Is that intended? Don’t you want to calculate individual second order gradients for each individual weight?
However, if I add x = torch.reshape(x, [-1]) line I get
> g2 = torch.autograd.grad(g, x, retain_graph=True)[0]
> RuntimeError: One of the differentiated Tensors appears to not have been used in the graph. Set allow_unused=True if this is the desired behavior.
Anyone knows what this means?
EDIT: Oh I see that you pick g2[count] afterwards to get the diagonal of the hessian, but I’m still confused why I can’t calculate a gradient of a scalar in respect to a scalar.
I’m using it to penalize growth of second order gradients, so basically the same reason why anyone would penalize first order gradients. In my case it’s to improve noise robustness.
So, it will be integrated in loss function or working as a layer of cnn? Do you have any reference paper using hessian to improve accuracy? I am also interested in classification/detection/segmentation
No, you don’t need to reshape x. Since the graph was memorized in the previous gradient calculation, you should not change x if you wanna calculate high order gradient.

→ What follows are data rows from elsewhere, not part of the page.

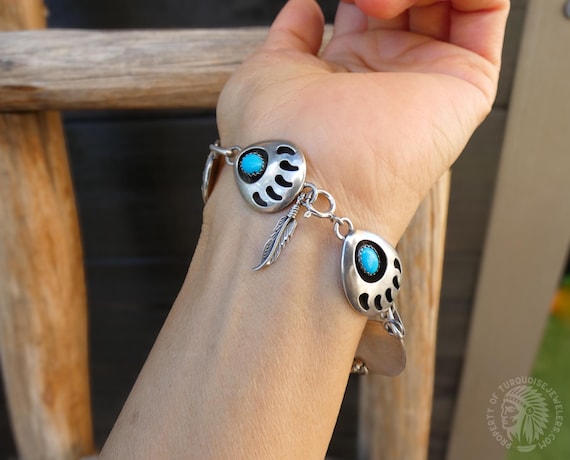 Navajo Silver Turquoise Bear Paw Bracelet: Vintage Native American Sterling Link Bracelet For Women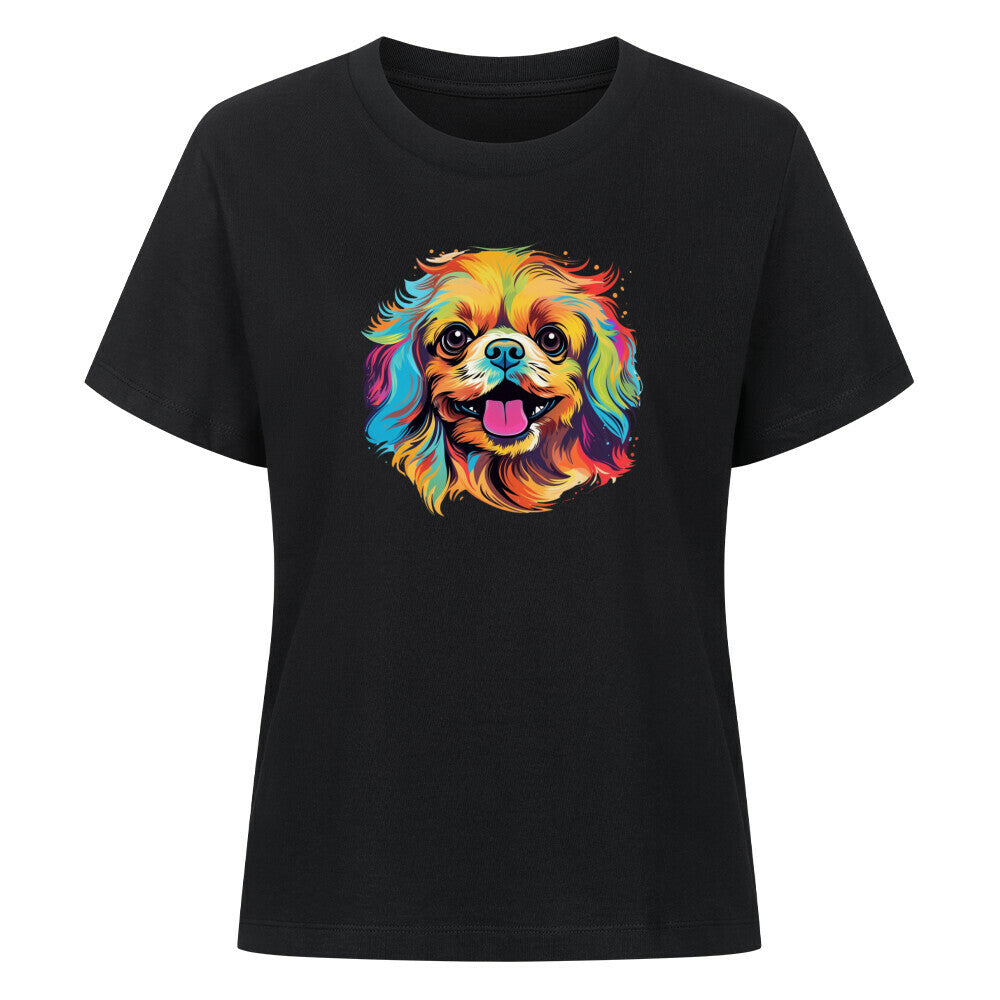 Premium Damen-Shirt "Pekingese - Paint" Schwarz – hunde-shirt.de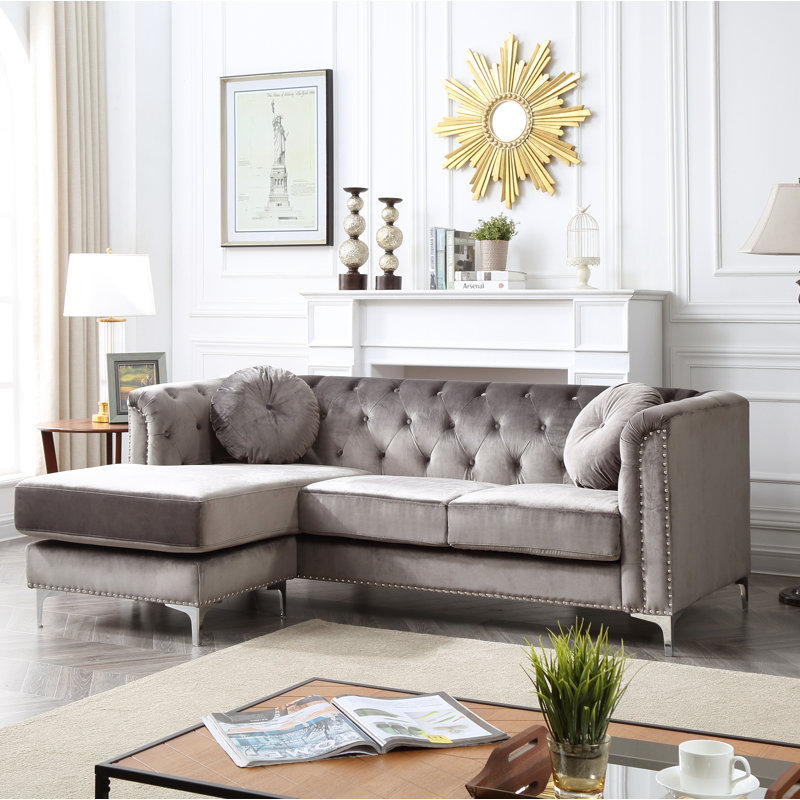 Pompano Mid Century Velvet Reversible Sectional, Gray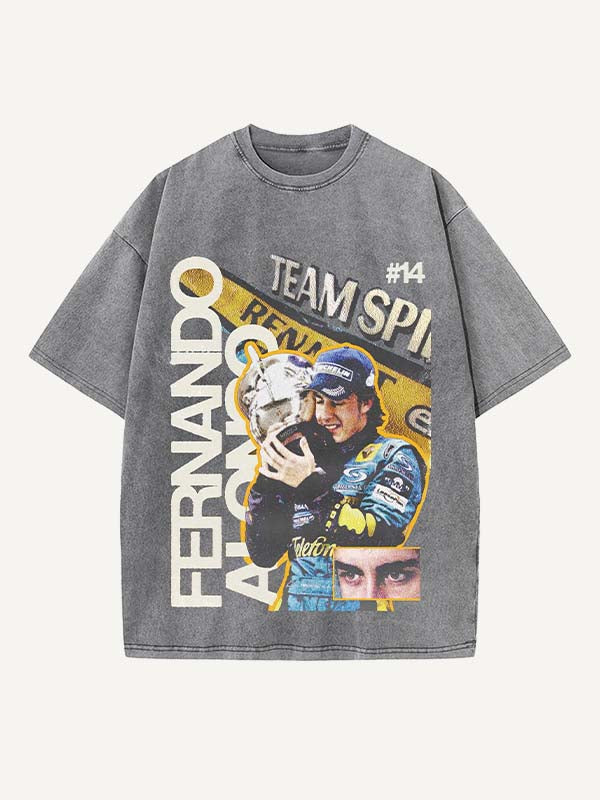 Fernando Alonso Print Round Neck T-shirt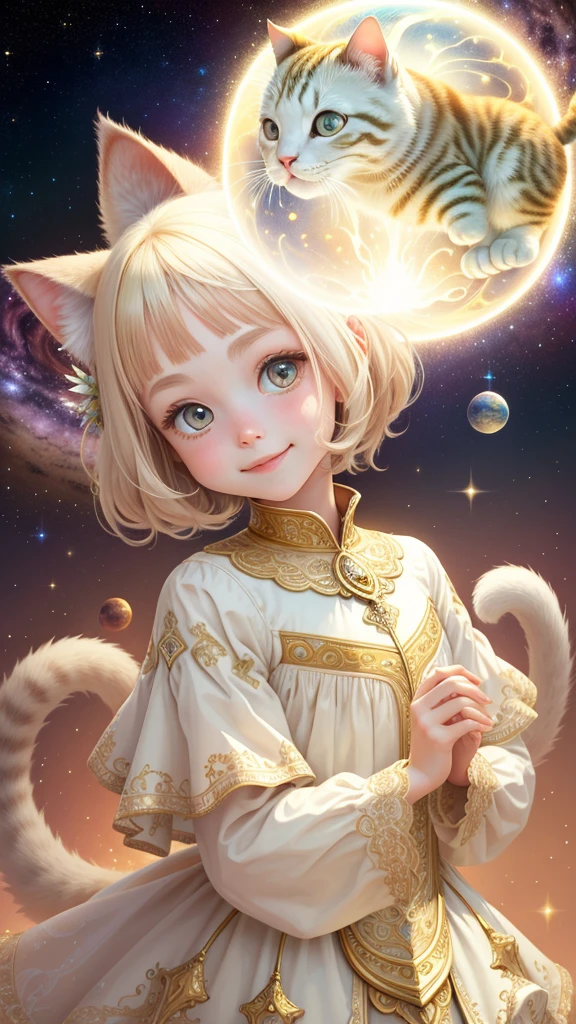 1 girl, front, face up, space background, ivory gold, psychedelic magic, cat, fairy, clean, bright, smiling, god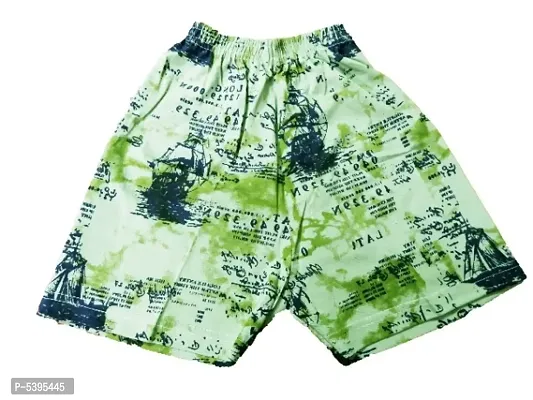 Boys cotton printed elastic waist shorts with 2 pockets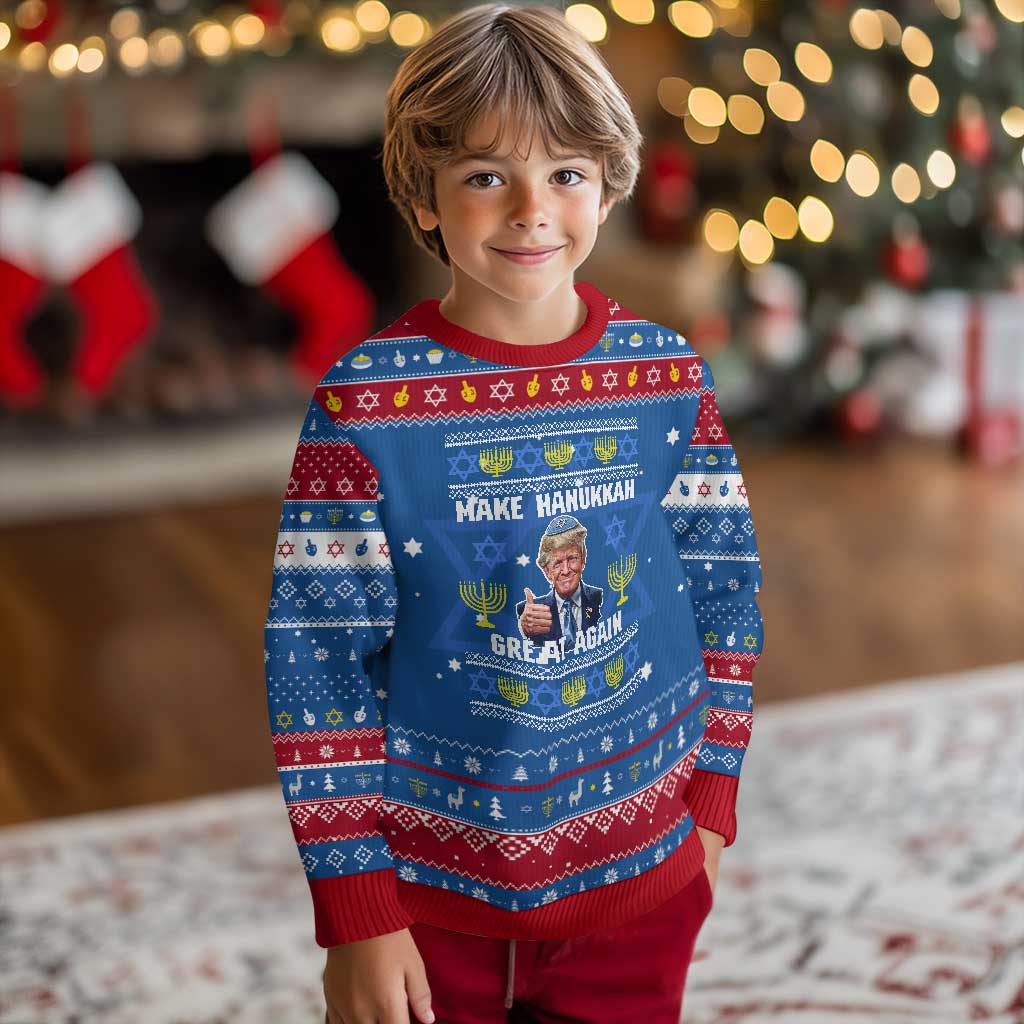 Make Chanukkah Great Again Hanukkah Ugly Sweater Funny Ugly Jewish Holiday Gift TS12 Blue Red Print Your Wear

I have checked with solutions of @JIANG_GUOQING and @paul_c, overall, they are slow. The biggest problem stuck with the autograd.grad() can only work on single output. Does anyone has faster solution?
@Yaroslav_Bulatov Sorry for the reply. I believe that is exactly I wanted. If possible, is there any tutorial with pytorch code or code demos that you may know? Thank you so much.
@tengerye even though Gauss-Newton is cheap to compute, the matrix will typically need too much storage to store explicitly, so you’ll additionally need some kind of structured approximation. Here’s an example of computing diagonal and KFAC approximations of Gauss-Newton for linear layers – https://github.com/cybertronai/autograd-lib#autograd_lib
Im looking to efficiently compute the hessian of my loss function with respect to my inputs (only inputs, not weights). Is this a suitable solution? Having some trouble understanding it.